Washington’s army had suffered defeat after defeat, retreating from New York, through New Jersey to Pennsylvania; only the Delaware River kept away the British and final destruction. The Continental Army, they called it, but it defied such a description. It was made up of all kinds of the new America: the urban elites, the country folk, the freed slave, the slave owner, the mechanic, the labourer. This was no proud army; the main body of the army was little more than a ragbag of bootless, homesick civilians, all looking for an excuse to get back to their families. Within days the annual enlistment would be up and Washington feared the worst. He would lose the majority of his men just as Lord Cornwallis’s army was being supplied with fresh German mercenaries, Hessian troops heavily experienced from war in Europe. Even Washington’s closest confidants talked openly of suing for peace. Congress had fled from Philadelphia, two of its members had crossed to the British and scores of citizens were signing the British Proclamation of 30 November, pledging loyalty to the crown. The Revolutionary War was all but over. This harsh winter would finish it.
And the year had been harder on no man more than Edward Hand.

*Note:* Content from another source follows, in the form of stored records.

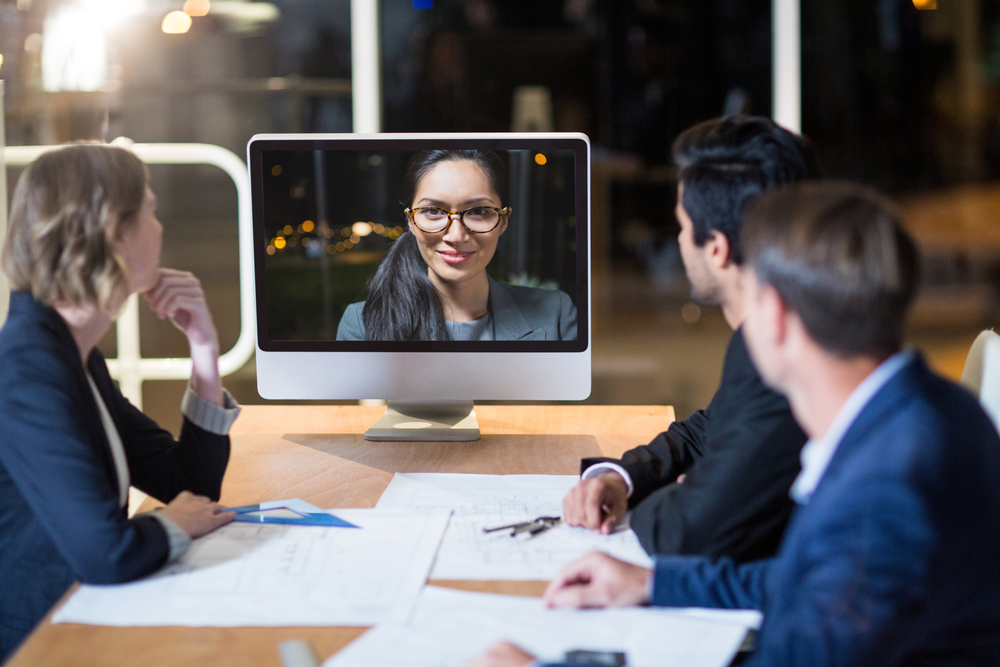 Business team having virtual conference in the meeting room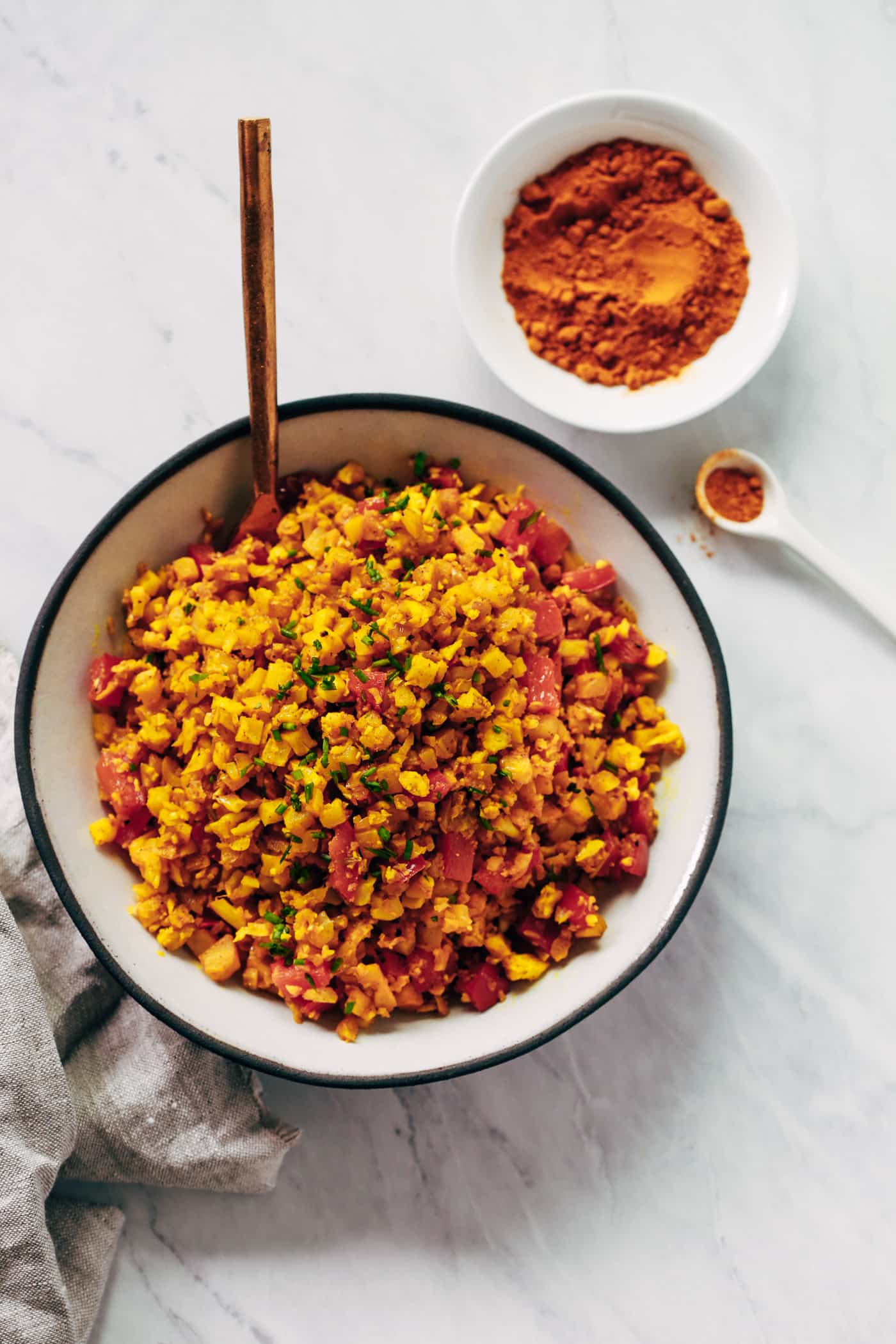 Overhead photo of a bowl of golden cauliflower rice.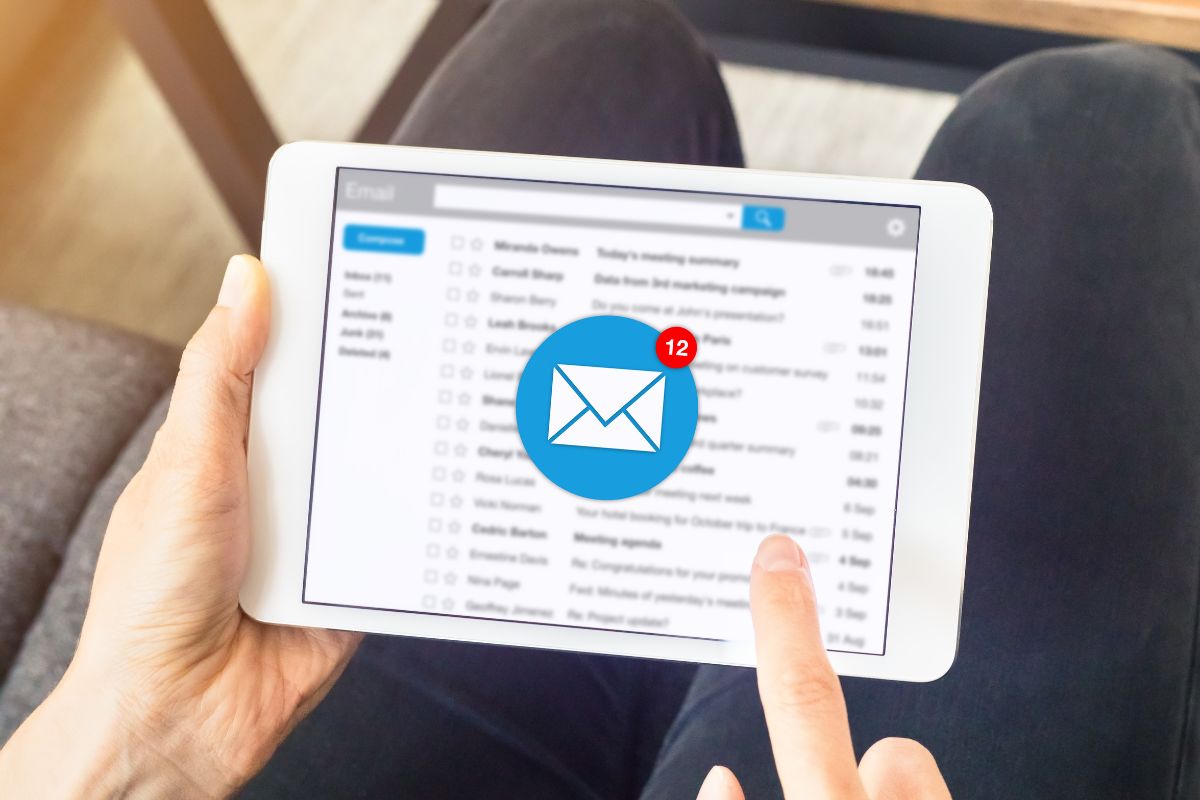 The picture shows a woman's hand unsubscribing from emails.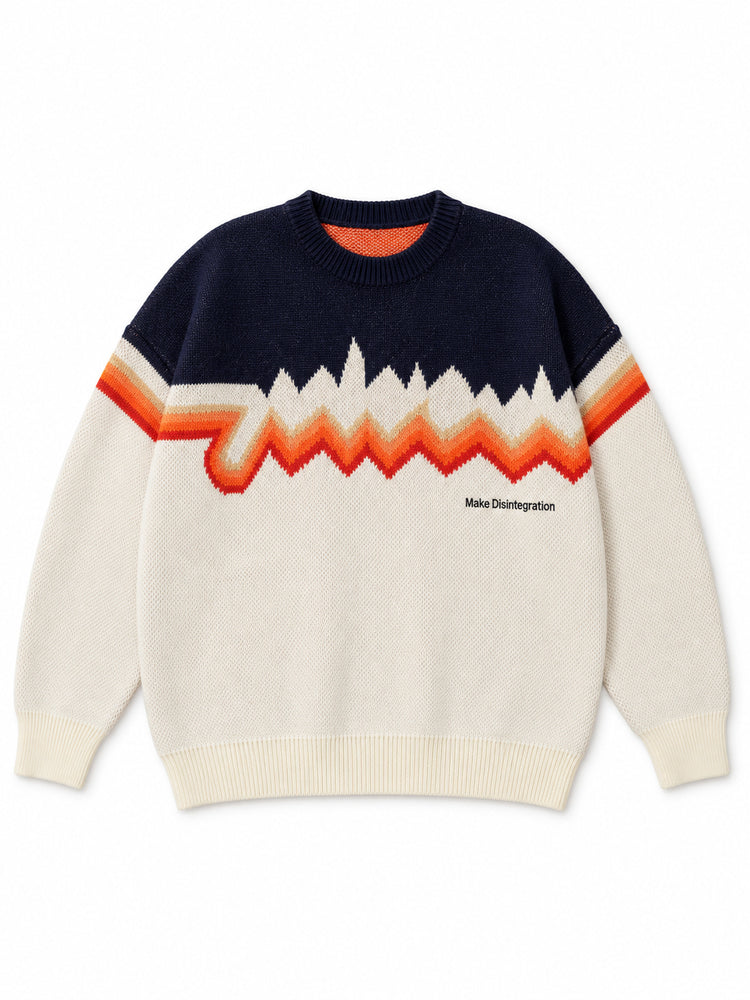 Front flat lay of the Make Disintegration sweater showing the orange zigzag pattern and small chest lettering.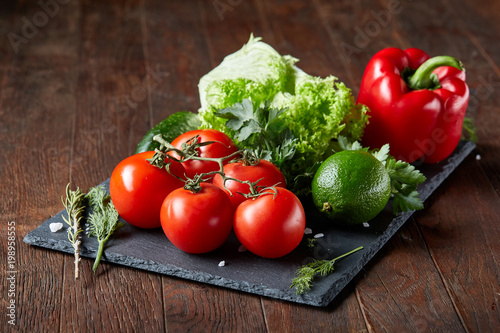 Artistic still life of assorted fresh vegetables and herbs on rustic wooden background, top view, selective focus.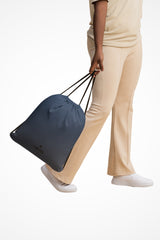 Storm blue lightweight drawstring bag with Gymplode dual mark imprint, front view with model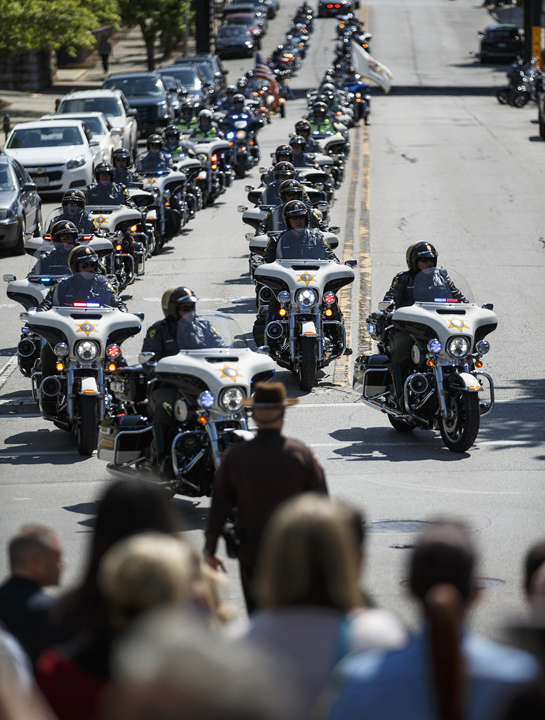 In this Thursday, May 5 photo, a motorcade of motorcycles, led by the Illinois State Police, make their way down Capitol Avenue during the 31st annual Police Officer Memorial Day at the State Capitol in Springfield, Ill.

In the glorious summer of 1775, no one symbolised more the hope of the coming struggle than Hand. A first-generation immigrant, from Clyduff, Ireland, he had joined the British Army as a surgeon’s mate, which in turn had brought him to the colonies. America offered Edward Hand a dream of advancement that even he, a fully trained surgeon from Trinity College, Dublin, could not see in a pauperised Ireland in hock to Britain’s imperial interests. Once in America, he soon resigned his commission and set himself up in Pennsylvania as a doctor, practising in and around the Irish settlements of Lancaster County. There he had fallen in love with Catherine Ewing, a second-generation Scot from Philadelphia. They were both enthusiastic supporters of the rights of the colonies, and when war had broken out, he had assumed a role as a lieutenant colonel in the 1st Pennsylvania Riflemen. He was just thirty that summer, of moderate height, strong cheekbones, his high forehead showing the first suggestions of a fading hairline, a handsome man with a taste for glory. In that year, Hand had been one of the heroes of both the siege of Boston and the battle of Bunker Hill, coming to be noticed and highly regarded by Washington. At the end of that most tumultuous of years, Catherine announced she was with child, a child due in August 1776.